The rest of this blog post is going to show a straightforward analysis one can do with the eHT results: looking at the variability of the QM charges across the different conformers.
In [13]:
def runEHT(mh):
    """ convenience function to run an eHT calculation on all of a molecule's conformers
    
        returns a list of the results structures as well as a list of lists containing the
        charges on each atom in each conformer: chgs[atomId][confId] to use this
    """
    eres = []
    charges = [[] for x in range(mh.GetNumHeavyAtoms())]
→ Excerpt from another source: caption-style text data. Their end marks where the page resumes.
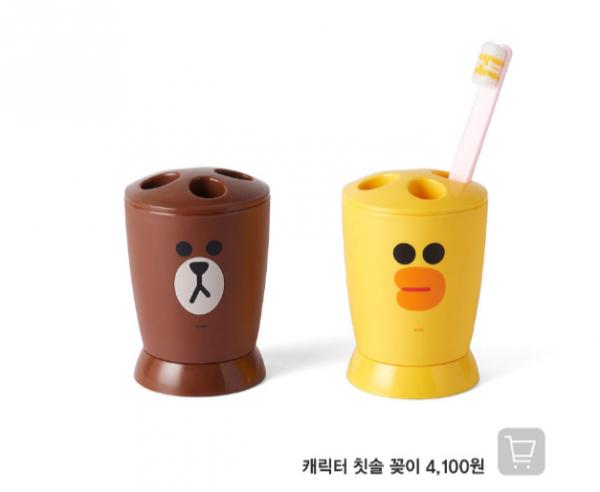 讓熊大、CONY入侵家居每個角落！ LINE FRIENDS x 韓國超市Emart 新出家品系列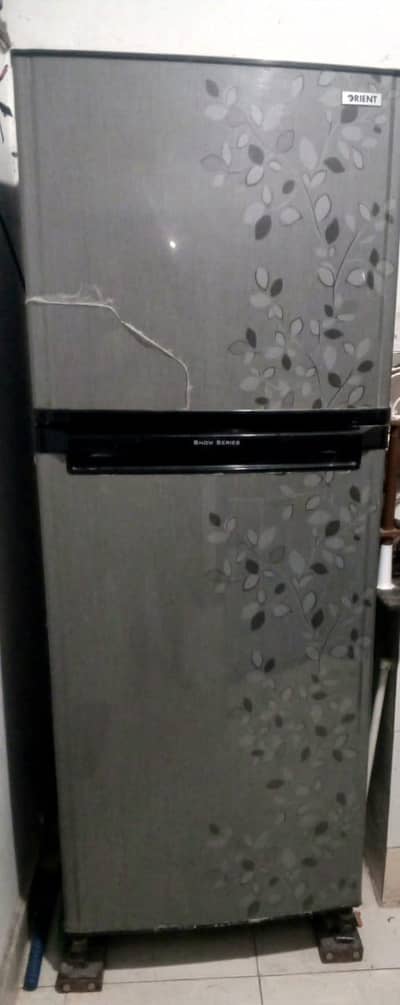 orient refrigerator king size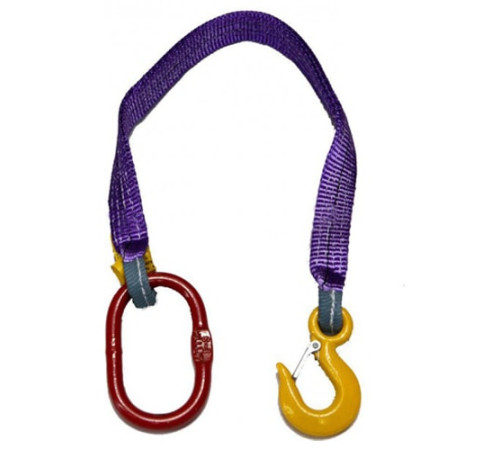 Стропы текстильные одноветвевые в Минске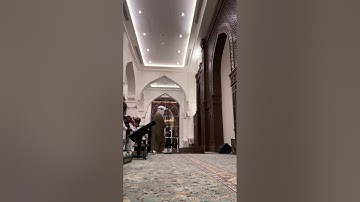 تلاوة هادئة من سورة الحشر،القارئ#عبدالله_الموسى،جامع طرجم بن سلامة/الرياض،مغرب ۱۰ربیع الثاني ۱٤٤۷هـ
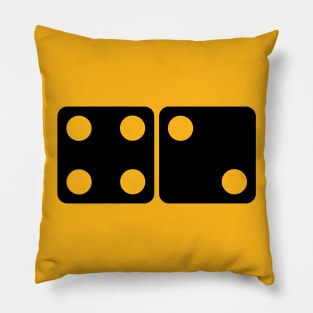 The meaning of life Pillow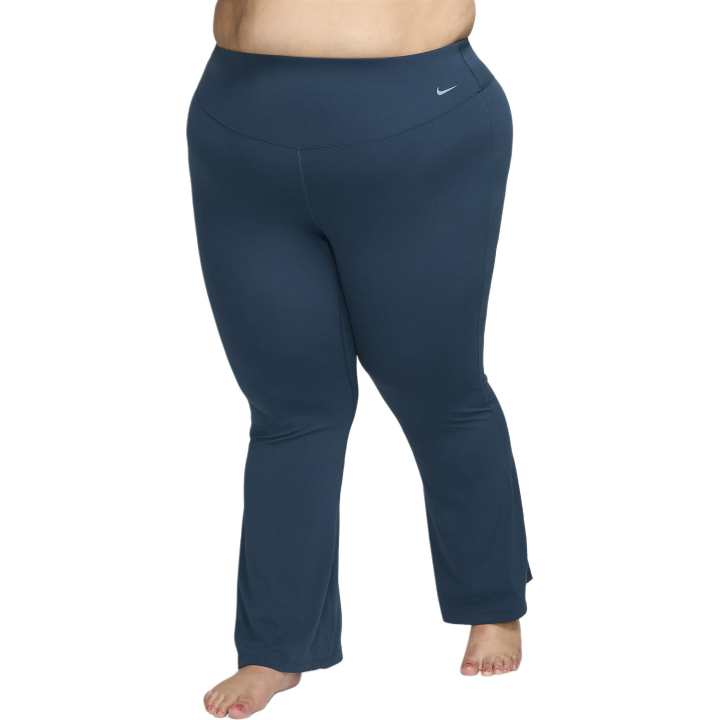 Nike Nike Zenvy Women's High-Waisted Flared Leggings Plus Size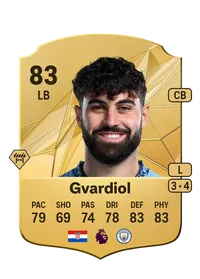 Joško Gvardiol FIFA Coins Kaufen PS5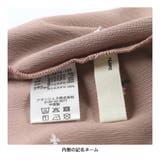 【おそろい】きんもくせい刺しゅうチュニック | ブランシェス | 詳細画像19 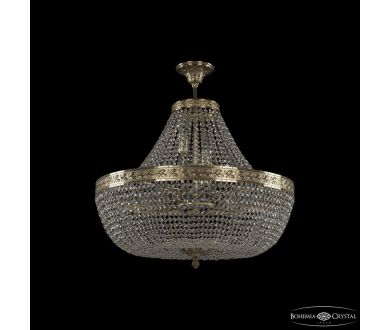 Потолочная люстра Bohemia Ivele Crystal 19051/H1/60IV G C1
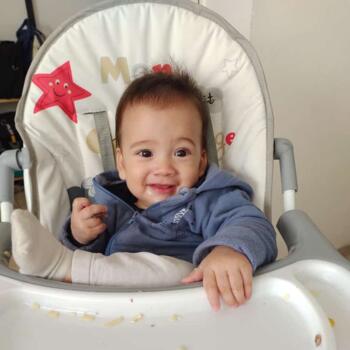 Babysitting job in José C. Paz: babysitting job Emanuel
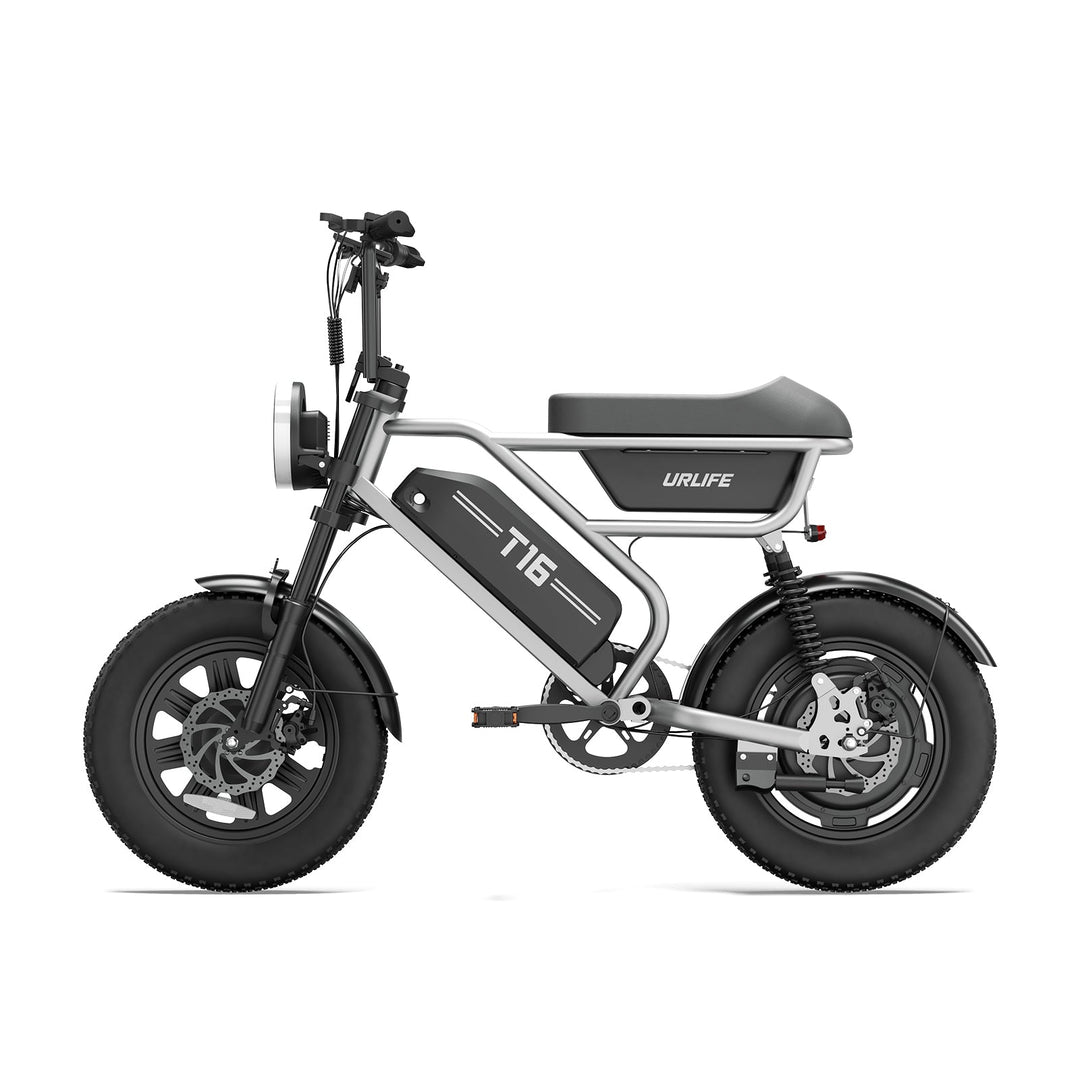 URLIFE T16 16*3.0 Inch Electric Bike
    for cid in range(mh.GetNumConformers()):
        passed,res = rdEHTTools.RunMol(mh,confId=cid)
        eres.append(res)
        if not passed:
            raise ValueError("eHT failed")
        hvyIdx = 0
        echgs = res.GetAtomicCharges()
        for atom in mh.GetAtoms():
            if atom.GetAtomicNum()==1:
                continue
            charges[hvyIdx].append(echgs[atom.GetIdx()])
            hvyIdx+=1
    return (eres,charges)
    
In [14]:
eres,charges = runEHT(mh)
In [15]:
figsize(18,12)
violinplot(charges);
title("ETKDG");
xlabel('atom ID');
ylabel("partial charge");
To make sense of that, draw the molecule with the atoms numbered:
In [16]:
for at in m.GetAtoms():
    at.SetProp("atomLabel",f'{at.GetSymbol()}{at.GetIdx()}')
m
Out[16]:
Look at the results for a couple of the atoms that show the most variability
In [17]:
tchgs = sorted((y,x) for x,y in enumerate(charges[13]))
tchgs[:2],tchgs[-2:]
Out[17]:
([(-0.6664029226533725, 6), (-0.6487594694999941, 48)],
 [(-0.5445165709857742, 17), (-0.5391876949925227, 16)])
In [18]:
tchgs = sorted((y,x) for x,y in enumerate(charges[16]))
tchgs[:2],tchgs[-2:]
Out[18]:
([(-0.6676496478129459, 1), (-0.6527095571768977, 4)],
 [(-0.5638332674055451, 24), (-0.5547888563594043, 29)])
In [19]:
tm1 = Chem.MolFromMolBlock(Chem.MolToMolBlock(mh,confId=1))
tm1
You appear to be running in JupyterLab (or JavaScript failed to load for some other reason). You need to install the 3dmol extension:
jupyter labextension install jupyterlab_3dmol
Out[19]:
In [20]:
tm24 = Chem.MolFromMolBlock(Chem.MolToMolBlock(mh,confId=24))
tm24
You appear to be running in JupyterLab (or JavaScript failed to load for some other reason). You need to install the 3dmol extension:
jupyter labextension install jupyterlab_3dmol
Out[20]:
The difference here is the conformation of the piperazine ring. In the first case (more negative N), the ring is in the chair form. In the second (less negative N), it's in the boat form.
In [21]:
tchgs = sorted((y,x) for x,y in enumerate(charges[36]))
tchgs[:2],tchgs[-2:]
Out[21]:
([(-0.9757653597847145, 5), (-0.964269062711359, 39)],
 [(-0.8904366087667777, 2), (-0.8853126618481291, 25)])
In [22]:
tchgs = sorted((y,x) for x,y in enumerate(charges[26]))
tchgs[:2],tchgs[-2:]
Out[22]:
([(-0.9293420950223661, 2), (-0.9219185034197492, 11)],
 [(-0.8418499076836206, 10), (-0.8396288024312968, 37)])
In [23]:
tm5 = Chem.MolFromMolBlock(Chem.MolToMolBlock(mh,confId=5))
tm5
You appear to be running in JupyterLab (or JavaScript failed to load for some other reason). You need to install the 3dmol extension:
jupyter labextension install jupyterlab_3dmol
Out[23]:
In [24]:
tm2 = Chem.MolFromMolBlock(Chem.MolToMolBlock(mh,confId=2))
tm2
You appear to be running in JupyterLab (or JavaScript failed to load for some other reason). You need to install the 3dmol extension:
jupyter labextension install jupyterlab_3dmol
Out[24]:
The difference here is the orientation of the two Ns in the pyrimidine ring relative to the H on the exocyclic amine (atom 24). The N that is closer to the H has a more negative charge than the other.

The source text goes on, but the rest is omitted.